* _Exercise_:
The full listing, copied exactly and free of pictures, is the expected reply.

* _Supplied material_:
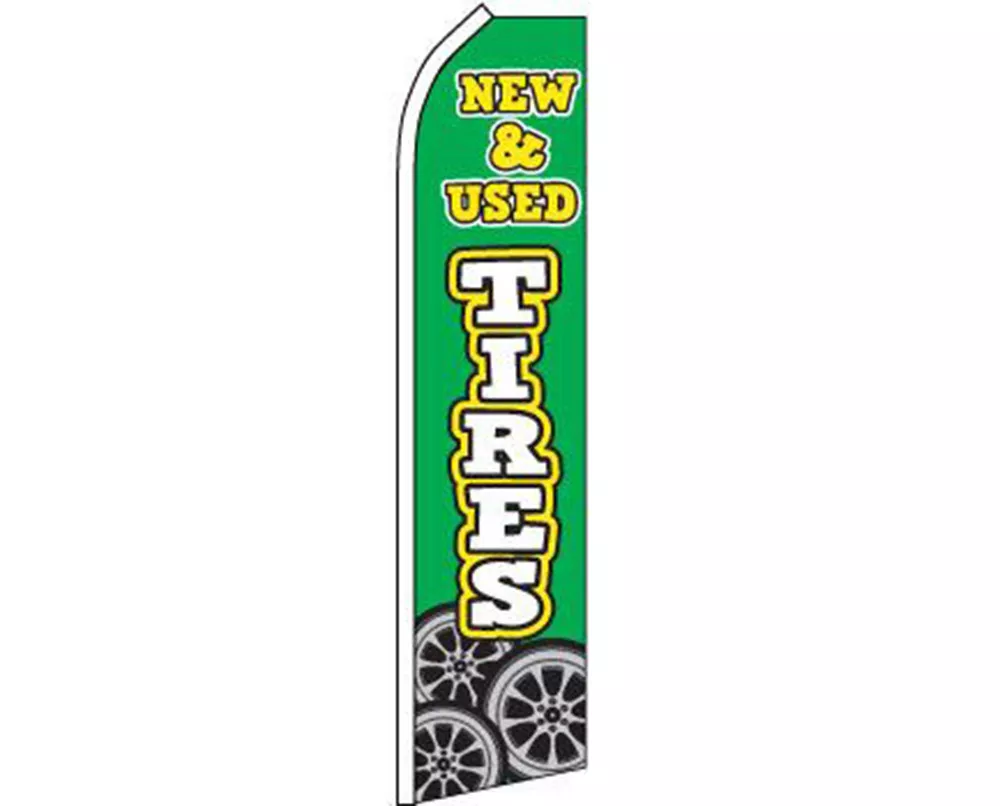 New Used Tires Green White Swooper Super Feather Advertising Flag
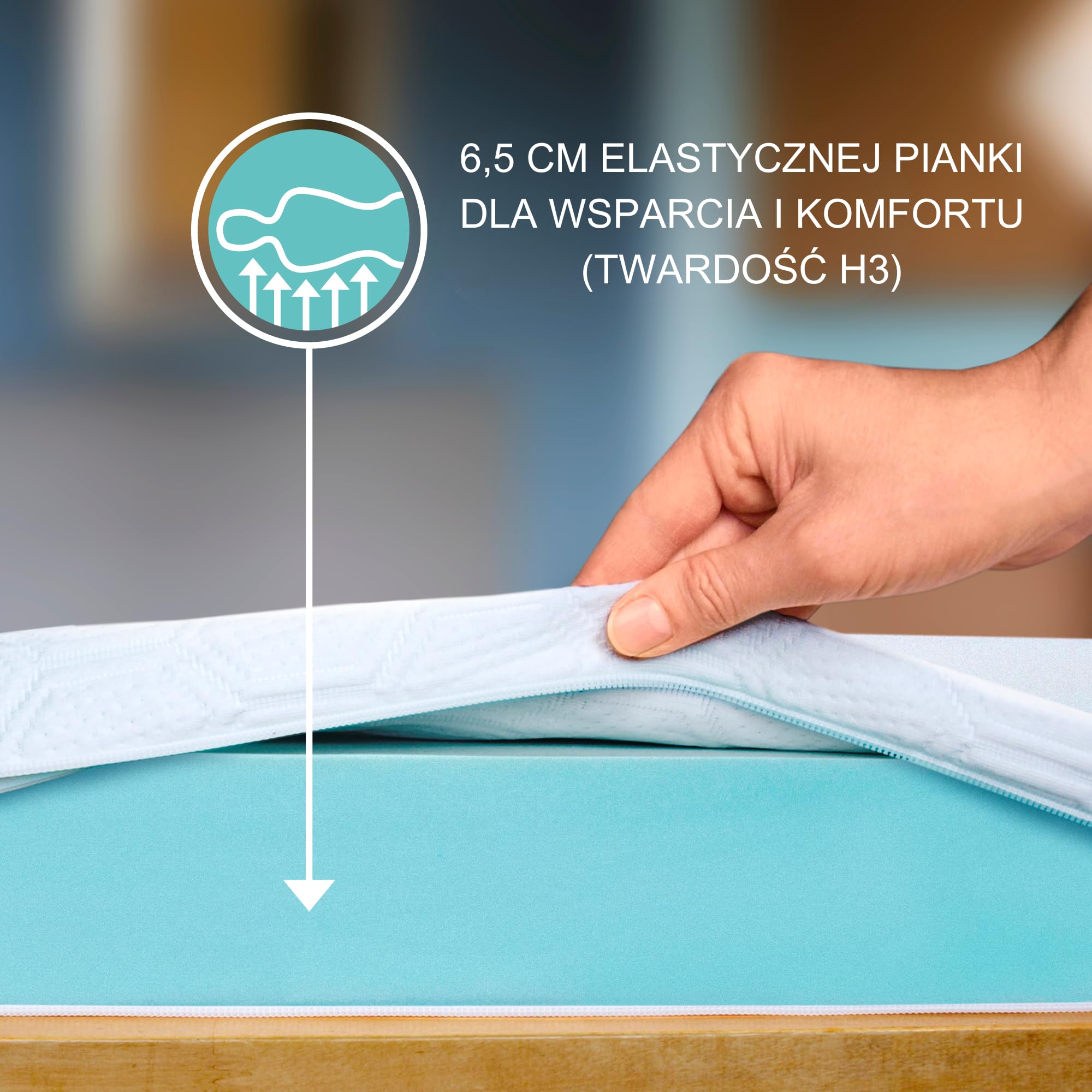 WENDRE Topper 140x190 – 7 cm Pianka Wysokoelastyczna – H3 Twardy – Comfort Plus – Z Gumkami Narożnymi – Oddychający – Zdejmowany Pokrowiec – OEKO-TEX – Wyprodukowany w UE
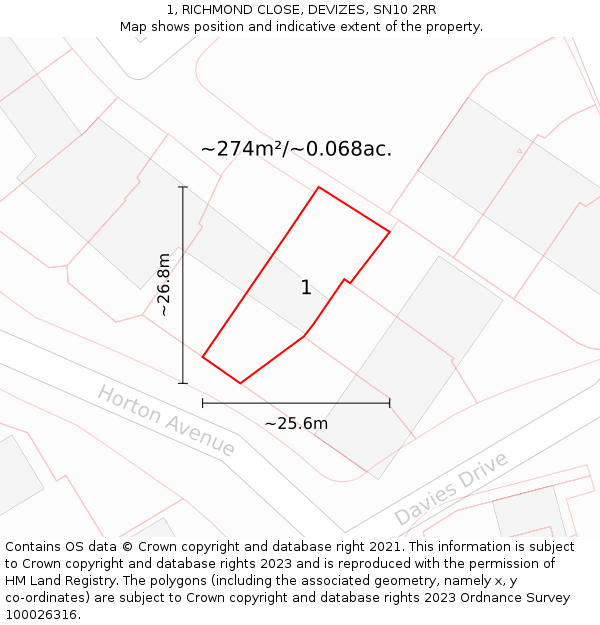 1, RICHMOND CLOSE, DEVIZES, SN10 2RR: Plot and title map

* _Answer for the task_:
 New Used Tires Green White Swooper Super Feather Advertising Flag
 WENDRE Topper 140x190 – 7 cm Pianka Wysokoelastyczna – H3 Twardy – Comfort Plus – Z Gumkami Narożnymi – Oddychający – Zdejmowany Pokrowiec – OEKO-TEX – Wyprodukowany w UE
 1, RICHMOND CLOSE, DEVIZES, SN10 2RR: Plot and title map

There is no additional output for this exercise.